== Segment start ==
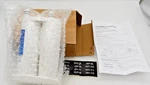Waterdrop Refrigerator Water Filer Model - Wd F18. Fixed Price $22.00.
== Segment end ==
== Segment start ==
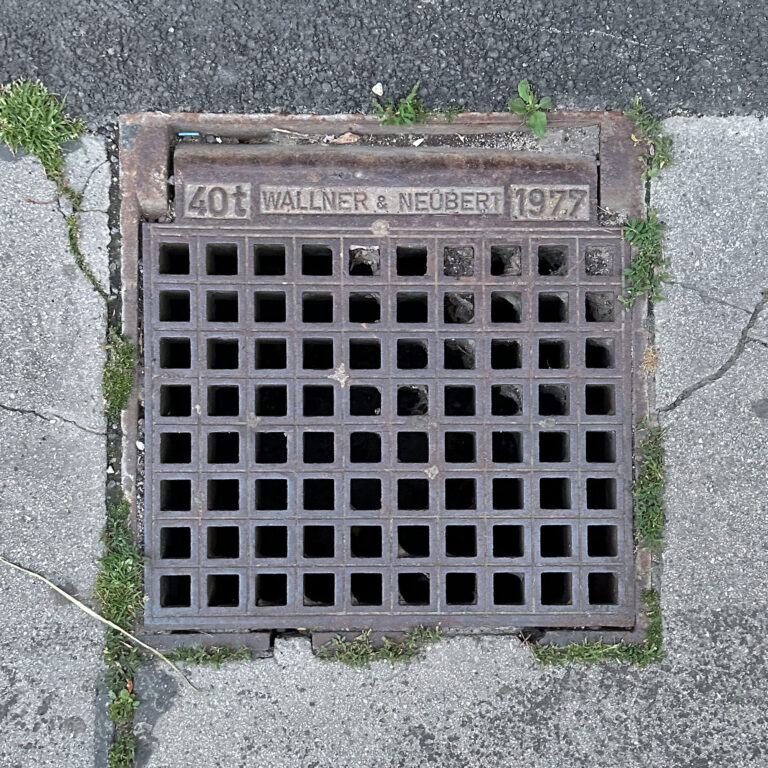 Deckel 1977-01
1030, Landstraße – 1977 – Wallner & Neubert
== Segment end ==
== Segment start ==
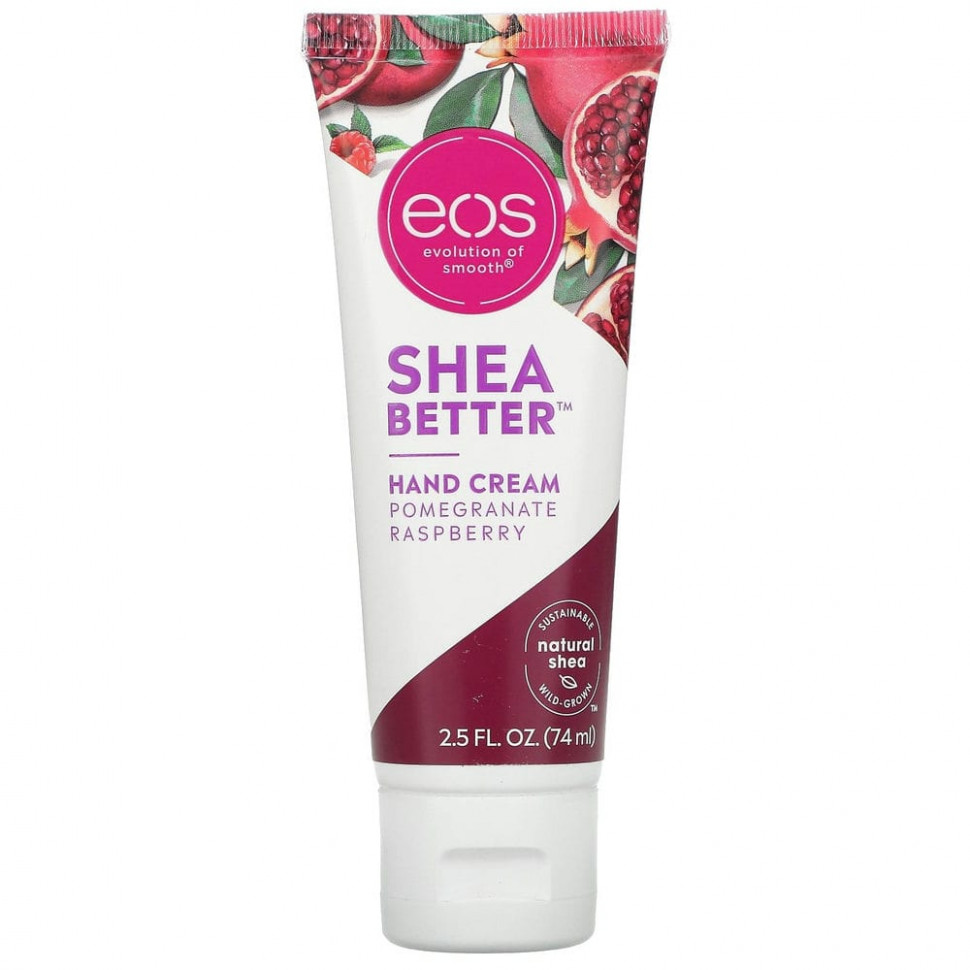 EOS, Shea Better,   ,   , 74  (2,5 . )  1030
== Segment end ==
Action item: Your answer must be the lines above from the one holding "Deckel 1977-01" up to and including the one holding "1030, Landstraße – 1977 – Wallner & Neubert", exact and with no pictures.

Written response:
 Deckel 1977-01
1030, Landstraße – 1977 – Wallner & Neubert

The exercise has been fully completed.